Consciente de cet effet potentiellement désastreux sur la réforme, la ministre des Solidarités et de la Santé, Agnès Buzyn, a rappelé tout le monde à l’ordre il y a quelques mois. Conséquence : en 2020, certains assureurs ont annoncé qu’ils maintiendraient les revalorisations des tarifs à des niveaux comparables à ceux des années passées, soit de 3 à 5 % en moyenne chez Axa, hors augmentation « naturelle » du risque liée à l’avancée en âge, par exemple.
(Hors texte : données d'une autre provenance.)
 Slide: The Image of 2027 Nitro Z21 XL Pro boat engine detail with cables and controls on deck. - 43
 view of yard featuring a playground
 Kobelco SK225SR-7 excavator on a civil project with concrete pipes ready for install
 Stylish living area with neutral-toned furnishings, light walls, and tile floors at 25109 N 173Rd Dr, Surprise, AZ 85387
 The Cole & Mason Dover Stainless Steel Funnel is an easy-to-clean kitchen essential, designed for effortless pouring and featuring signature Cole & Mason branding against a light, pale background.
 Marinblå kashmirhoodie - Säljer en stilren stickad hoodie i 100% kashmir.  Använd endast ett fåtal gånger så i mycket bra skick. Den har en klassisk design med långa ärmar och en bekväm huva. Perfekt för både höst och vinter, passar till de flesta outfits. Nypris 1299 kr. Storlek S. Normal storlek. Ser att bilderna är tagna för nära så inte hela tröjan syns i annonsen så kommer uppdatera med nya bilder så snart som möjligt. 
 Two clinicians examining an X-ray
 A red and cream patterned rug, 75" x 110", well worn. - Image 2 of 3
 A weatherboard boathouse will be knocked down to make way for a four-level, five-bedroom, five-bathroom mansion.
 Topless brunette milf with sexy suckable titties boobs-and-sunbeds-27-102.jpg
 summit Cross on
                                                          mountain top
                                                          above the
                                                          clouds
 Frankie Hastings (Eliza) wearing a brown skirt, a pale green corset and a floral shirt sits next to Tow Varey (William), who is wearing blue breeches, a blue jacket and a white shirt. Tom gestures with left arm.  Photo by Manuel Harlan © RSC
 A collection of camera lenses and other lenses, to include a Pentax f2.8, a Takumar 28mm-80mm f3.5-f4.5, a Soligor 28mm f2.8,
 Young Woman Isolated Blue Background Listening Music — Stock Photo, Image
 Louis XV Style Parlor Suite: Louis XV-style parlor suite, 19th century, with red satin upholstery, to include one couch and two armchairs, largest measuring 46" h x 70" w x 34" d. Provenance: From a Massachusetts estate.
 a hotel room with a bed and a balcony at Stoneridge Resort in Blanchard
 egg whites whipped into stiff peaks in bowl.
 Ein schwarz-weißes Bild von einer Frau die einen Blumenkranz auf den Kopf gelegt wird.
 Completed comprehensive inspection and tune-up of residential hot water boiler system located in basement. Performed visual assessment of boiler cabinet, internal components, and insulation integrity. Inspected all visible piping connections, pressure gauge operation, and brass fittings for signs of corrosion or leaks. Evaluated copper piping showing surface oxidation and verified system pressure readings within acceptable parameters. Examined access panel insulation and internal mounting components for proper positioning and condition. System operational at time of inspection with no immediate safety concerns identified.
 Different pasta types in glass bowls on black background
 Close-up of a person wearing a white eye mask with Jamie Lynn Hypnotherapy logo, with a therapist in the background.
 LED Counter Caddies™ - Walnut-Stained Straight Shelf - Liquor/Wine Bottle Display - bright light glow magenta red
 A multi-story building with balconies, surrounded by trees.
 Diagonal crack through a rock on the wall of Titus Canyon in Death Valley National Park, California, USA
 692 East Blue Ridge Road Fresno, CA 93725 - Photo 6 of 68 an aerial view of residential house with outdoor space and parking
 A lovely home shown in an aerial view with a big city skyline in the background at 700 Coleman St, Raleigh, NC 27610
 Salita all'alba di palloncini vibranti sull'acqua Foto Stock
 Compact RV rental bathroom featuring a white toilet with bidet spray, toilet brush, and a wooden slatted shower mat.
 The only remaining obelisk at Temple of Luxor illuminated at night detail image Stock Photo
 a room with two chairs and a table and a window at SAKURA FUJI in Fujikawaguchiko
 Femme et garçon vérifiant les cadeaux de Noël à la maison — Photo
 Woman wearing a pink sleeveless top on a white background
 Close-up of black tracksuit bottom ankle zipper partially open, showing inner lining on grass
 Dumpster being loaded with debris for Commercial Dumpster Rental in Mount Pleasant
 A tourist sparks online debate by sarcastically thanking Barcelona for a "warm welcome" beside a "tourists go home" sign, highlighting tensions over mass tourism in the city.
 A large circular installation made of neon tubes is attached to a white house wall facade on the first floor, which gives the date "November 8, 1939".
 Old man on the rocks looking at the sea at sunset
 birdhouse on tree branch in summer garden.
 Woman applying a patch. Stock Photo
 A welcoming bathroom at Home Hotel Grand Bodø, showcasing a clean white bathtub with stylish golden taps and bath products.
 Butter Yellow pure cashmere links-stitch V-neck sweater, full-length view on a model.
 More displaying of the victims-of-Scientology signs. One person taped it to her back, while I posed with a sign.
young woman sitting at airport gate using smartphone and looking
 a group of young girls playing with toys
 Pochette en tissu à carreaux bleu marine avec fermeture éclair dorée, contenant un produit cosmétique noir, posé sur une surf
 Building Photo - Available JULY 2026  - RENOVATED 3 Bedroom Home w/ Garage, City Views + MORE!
D’autres les canaliseront, le temps d’analyser le comportement de leurs assurés (les taux de recours aux offres 100 % santé), et donc les coûts additionnels qu’ils supporteront. C’est le parti pris de la MGEN qui s’engage à ne répercuter que l’évolution des dépenses de santé en 2020, soit entre 0,5 et 2 % de plus sur le taux de cotisation appliqué aux revenus des adhérents. D’autres, enfin, comme la Maaf ou la Macif, ont décidé de neutraliser toute augmentation, hors celle liée à l’effet âge (1).
Mais ce « répit » ne sera probablement que de courte durée. ll y a fort à parier que la situation évoluera lorsque la réforme sera entièrement entrée en vigueur, avec la prise en charge totale des aides auditives 100 % santé en 2021. En effet, « cet équipement sans reste à charge pourrait être plus fortement consommé que les autres », selon Pierre François, directeur général de Swiss Life. Les hausses, jusque-là contenues ou mises en attente selon les stratégies des uns et des autres, seront alors pleinement appliquées.
(1) Certains organismes complémentaires n’ont pas répondu à nos demandes concernant leurs prévisions de hausses tarifaires de leurs contrats. C’est le cas d’Aviva, de la Mutuelle Générale ou de Swiss Life.